Гунда лежала в обмороке в объятиях своего мужа.
По знаку Андреаса Зонненкампа ее вынесли.
Лейхтвейс при этом помогал Курту, но уже через несколько минут он вернулся назад и присоединился снова к страшному судилищу.
Аделина Барберннн снова овладела собой, по крайней мере, с виду. Слезы иссякли, и теперь, со скрещенными на груди руками, она ожидала приговора. Она понимала, что Андреас недолго заставит себя ждать.
Андреас Зонненкамп на мгновение прикрыл глаза рукой, точно желая собрать свои мысли. Но когда он вслед за тем выпрямился, то глаза его имели еще более жесткое, еще более суровое выражение, чем раньше.
— Я не могу, — вырвалось у него, — я не могу дать милосердию восторжествовать; если бы я даже хотел помиловать ее, я не должен этого делать: я обязан устранить такого опасного врага своего короля, как она, я должен обезвредить ее. Из-за тебя, главным образом, Аделина Барберини, разгорелась эта злосчастная война, терзающая в данное время Европу. Ты несешь ответственность за несчастье многих семейств, за кровавую гибель тысяч молодых, полных надежд, жизней. Ты была фурией, которая зажгла эту ужасную войну. Кровь раненых и убитых лежит на тебе — а кровь требует крови. Я любил тебя, Аделина. Быть может, еще никто ни одну женщину так не любил, как я. В тебе я видел идеал всего прекрасного, сильного, хорошего.
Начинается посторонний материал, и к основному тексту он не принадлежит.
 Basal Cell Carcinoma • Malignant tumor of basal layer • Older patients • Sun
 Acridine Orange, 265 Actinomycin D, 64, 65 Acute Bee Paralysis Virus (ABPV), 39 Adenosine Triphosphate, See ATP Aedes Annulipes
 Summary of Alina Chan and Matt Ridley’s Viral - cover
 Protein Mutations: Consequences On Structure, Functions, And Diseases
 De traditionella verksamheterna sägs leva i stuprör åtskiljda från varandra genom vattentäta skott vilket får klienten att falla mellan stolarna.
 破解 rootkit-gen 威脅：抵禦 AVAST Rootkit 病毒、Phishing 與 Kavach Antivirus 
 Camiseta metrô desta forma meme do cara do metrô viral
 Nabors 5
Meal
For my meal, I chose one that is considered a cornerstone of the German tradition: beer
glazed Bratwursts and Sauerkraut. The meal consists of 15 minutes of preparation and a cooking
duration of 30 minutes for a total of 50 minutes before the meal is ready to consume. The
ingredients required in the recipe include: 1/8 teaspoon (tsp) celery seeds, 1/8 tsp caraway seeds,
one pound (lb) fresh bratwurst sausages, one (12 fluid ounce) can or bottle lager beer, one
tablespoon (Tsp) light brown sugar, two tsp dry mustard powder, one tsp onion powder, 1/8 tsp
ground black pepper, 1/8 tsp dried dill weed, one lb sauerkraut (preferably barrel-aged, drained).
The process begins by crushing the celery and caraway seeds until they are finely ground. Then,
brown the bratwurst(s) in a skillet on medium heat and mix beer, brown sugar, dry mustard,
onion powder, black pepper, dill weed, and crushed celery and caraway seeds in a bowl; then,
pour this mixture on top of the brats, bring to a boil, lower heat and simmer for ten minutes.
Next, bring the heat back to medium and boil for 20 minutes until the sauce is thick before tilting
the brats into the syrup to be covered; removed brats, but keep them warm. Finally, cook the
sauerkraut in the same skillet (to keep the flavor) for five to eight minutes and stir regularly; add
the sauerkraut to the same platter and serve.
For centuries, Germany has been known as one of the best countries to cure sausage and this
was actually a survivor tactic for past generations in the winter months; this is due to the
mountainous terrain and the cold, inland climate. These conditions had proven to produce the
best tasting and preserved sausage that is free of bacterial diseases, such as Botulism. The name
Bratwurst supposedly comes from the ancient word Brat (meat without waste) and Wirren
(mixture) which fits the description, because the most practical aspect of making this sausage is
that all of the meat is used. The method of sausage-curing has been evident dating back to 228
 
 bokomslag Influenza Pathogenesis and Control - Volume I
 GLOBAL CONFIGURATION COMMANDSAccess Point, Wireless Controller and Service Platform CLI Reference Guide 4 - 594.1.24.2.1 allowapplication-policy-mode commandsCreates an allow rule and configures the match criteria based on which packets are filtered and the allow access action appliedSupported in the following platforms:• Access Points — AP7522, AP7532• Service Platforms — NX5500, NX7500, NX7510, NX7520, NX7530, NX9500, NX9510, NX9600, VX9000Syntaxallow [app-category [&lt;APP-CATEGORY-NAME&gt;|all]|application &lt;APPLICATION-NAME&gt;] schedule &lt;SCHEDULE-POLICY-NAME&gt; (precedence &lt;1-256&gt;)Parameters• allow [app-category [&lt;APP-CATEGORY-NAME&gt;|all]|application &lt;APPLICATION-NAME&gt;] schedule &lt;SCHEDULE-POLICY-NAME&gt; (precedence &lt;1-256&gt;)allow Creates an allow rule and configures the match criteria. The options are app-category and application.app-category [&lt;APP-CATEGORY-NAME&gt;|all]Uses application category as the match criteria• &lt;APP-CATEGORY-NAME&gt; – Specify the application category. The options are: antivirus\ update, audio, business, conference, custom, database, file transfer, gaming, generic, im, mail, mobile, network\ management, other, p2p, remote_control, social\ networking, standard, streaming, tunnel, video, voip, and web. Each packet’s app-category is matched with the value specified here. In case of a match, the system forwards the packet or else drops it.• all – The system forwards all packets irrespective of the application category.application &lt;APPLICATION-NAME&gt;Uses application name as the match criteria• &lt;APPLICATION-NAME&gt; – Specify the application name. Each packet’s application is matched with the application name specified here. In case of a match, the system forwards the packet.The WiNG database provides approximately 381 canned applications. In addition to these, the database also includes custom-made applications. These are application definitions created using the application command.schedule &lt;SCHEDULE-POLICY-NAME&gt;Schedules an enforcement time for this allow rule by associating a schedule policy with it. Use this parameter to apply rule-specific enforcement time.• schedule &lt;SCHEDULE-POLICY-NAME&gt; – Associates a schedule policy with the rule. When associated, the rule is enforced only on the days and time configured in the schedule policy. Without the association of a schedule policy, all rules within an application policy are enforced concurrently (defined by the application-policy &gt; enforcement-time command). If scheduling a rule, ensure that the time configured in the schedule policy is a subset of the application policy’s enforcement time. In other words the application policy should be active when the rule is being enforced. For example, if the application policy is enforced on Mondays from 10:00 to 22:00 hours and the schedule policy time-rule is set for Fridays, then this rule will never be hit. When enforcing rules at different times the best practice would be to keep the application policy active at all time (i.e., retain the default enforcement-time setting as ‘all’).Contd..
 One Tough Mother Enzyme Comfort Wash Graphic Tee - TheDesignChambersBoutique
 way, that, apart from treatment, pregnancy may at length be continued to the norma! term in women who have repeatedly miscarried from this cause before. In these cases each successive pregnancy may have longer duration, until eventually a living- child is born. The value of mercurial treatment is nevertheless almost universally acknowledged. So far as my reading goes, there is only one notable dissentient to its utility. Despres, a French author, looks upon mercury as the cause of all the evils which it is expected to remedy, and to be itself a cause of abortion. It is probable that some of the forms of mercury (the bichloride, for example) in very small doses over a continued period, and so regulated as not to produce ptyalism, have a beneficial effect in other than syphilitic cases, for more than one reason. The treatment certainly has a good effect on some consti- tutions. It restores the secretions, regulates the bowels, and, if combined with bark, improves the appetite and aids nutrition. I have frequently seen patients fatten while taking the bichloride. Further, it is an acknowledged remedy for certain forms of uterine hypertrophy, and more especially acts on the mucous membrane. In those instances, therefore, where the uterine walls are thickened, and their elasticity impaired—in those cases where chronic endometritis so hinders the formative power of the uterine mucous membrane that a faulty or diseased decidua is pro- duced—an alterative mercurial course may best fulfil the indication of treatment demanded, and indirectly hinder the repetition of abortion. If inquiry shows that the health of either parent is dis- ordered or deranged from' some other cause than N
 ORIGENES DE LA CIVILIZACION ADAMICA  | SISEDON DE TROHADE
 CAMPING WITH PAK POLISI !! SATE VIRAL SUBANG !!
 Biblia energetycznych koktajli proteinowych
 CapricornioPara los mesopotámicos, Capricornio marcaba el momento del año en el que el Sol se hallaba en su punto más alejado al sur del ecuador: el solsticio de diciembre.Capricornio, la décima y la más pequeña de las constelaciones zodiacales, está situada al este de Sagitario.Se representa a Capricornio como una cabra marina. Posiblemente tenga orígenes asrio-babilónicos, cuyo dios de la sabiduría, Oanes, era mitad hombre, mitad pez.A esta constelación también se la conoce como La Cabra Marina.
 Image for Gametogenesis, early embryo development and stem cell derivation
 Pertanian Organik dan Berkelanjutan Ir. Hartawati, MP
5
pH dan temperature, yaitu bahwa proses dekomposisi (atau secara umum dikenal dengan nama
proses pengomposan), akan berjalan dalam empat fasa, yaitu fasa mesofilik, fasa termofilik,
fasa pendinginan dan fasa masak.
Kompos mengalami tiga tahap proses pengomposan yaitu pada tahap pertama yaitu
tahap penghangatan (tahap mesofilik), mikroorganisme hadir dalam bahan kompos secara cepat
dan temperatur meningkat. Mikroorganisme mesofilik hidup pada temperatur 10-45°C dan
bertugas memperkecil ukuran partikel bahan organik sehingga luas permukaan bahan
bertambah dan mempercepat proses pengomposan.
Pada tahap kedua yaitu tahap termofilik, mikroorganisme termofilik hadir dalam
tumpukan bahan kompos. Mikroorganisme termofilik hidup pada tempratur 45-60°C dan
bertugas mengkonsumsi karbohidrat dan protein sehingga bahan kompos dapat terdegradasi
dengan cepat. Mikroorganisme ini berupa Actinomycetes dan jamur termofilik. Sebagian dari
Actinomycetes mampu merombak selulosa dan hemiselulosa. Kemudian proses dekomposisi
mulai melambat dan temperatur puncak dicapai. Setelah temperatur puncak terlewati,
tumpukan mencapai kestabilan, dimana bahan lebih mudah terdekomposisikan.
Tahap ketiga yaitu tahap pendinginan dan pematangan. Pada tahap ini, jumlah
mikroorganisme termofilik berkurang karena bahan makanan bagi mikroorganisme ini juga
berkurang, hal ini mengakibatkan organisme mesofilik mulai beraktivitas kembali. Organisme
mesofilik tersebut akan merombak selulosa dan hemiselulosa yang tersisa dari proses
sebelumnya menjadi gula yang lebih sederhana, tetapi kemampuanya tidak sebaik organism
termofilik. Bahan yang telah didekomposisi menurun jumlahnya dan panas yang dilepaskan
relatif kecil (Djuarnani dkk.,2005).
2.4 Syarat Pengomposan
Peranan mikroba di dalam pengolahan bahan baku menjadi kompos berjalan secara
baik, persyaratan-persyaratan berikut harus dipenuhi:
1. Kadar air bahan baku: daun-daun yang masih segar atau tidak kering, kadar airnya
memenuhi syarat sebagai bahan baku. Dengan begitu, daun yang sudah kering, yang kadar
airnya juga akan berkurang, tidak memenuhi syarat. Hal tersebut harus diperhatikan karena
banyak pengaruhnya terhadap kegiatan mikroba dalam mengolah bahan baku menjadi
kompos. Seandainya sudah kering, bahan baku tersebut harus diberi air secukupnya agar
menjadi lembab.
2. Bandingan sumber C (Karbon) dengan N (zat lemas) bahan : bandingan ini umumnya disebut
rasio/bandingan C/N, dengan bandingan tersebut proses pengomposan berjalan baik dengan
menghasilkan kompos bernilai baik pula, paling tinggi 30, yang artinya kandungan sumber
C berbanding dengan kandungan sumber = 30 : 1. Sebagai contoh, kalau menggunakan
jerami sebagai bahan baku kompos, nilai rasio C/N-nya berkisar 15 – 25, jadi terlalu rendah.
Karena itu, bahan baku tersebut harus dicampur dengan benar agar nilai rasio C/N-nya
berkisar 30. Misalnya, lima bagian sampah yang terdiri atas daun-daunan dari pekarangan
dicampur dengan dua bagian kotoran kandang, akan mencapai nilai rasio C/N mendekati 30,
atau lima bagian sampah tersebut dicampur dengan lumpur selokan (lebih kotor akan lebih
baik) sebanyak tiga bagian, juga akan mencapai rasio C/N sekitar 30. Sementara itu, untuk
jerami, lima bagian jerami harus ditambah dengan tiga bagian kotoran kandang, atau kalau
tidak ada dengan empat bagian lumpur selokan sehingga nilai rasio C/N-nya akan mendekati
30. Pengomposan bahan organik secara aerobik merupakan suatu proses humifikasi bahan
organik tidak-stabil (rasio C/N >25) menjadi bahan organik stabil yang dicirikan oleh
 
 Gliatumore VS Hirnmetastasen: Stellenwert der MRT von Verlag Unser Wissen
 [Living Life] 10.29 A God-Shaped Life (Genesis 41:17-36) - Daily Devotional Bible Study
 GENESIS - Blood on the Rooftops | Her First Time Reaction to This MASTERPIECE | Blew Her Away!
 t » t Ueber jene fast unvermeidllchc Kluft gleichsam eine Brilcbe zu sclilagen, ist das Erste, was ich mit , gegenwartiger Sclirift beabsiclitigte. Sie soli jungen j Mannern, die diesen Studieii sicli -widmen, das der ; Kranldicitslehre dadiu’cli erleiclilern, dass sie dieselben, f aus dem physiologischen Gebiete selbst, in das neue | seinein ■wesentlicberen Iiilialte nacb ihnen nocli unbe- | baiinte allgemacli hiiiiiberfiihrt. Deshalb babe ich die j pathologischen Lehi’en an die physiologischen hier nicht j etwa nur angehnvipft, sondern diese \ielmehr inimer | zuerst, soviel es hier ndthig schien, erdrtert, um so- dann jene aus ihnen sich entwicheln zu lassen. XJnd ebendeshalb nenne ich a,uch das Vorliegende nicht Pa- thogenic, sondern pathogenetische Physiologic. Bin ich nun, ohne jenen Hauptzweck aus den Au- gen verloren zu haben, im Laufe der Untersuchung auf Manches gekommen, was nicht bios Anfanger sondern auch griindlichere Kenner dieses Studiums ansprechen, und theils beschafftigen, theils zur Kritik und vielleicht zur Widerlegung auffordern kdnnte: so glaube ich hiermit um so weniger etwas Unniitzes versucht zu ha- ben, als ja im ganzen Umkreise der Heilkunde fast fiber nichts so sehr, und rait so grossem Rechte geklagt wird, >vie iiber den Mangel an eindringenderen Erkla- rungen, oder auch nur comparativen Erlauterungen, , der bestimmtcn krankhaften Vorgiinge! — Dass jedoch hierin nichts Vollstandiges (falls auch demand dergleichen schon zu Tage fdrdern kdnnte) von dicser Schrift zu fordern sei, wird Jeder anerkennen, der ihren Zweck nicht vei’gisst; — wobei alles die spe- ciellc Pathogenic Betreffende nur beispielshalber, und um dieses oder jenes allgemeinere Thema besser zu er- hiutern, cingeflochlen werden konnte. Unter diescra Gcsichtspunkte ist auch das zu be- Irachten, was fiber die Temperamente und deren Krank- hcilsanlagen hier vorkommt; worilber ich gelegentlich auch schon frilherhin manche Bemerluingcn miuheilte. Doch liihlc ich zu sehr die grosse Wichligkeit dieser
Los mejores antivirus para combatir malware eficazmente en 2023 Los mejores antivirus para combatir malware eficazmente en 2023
Я молился на тебя и с радостью отдал бы за тебя жизнь, если бы думал, что этой ценой куплю твое счастье. А ты превратила меня в нелюдимого, одинокого человека. Ты заставила меня отречься от своего собственного «я» и под чужой личиной пройти свой жизненный путь. Ты обманула меня так же, как позднее обманывала своими изумительными интригами великого короля. Обманутый муж предает тебя, негодующий патриот судит. Пруссия, Европа, весь мир должен освободиться от подобного вампира; вампира, который, не задумываясь, пил его кровь, злоумышлял против него. Для тебя, Аделина Барберини, есть только одно наказание — смерть.
Андреас Зонненкамп замолк, и глубокое молчание воцарилось в комнате.
Даже разбойники, привыкшие к пролитию крови и всяким страшным делам, испуганно придвинулись друг к другу, когда услышали приговор, произнесенный мужем над собственной женой, отцом над матерью своего ребенка. Вздрогнул и Лейхтвейс. Он не ждал такого сурового приговора. Он думал, что несчастную приговорят к вечному заключению в каком-нибудь доме для душевнобольных или отправят в отдельный замок. Мысль, что Андреас Зонненкамп решит лишить ее жизни, не приходила ему в голову.
Лицо Аделины не было бледным, как прежде, — оно Я постарело.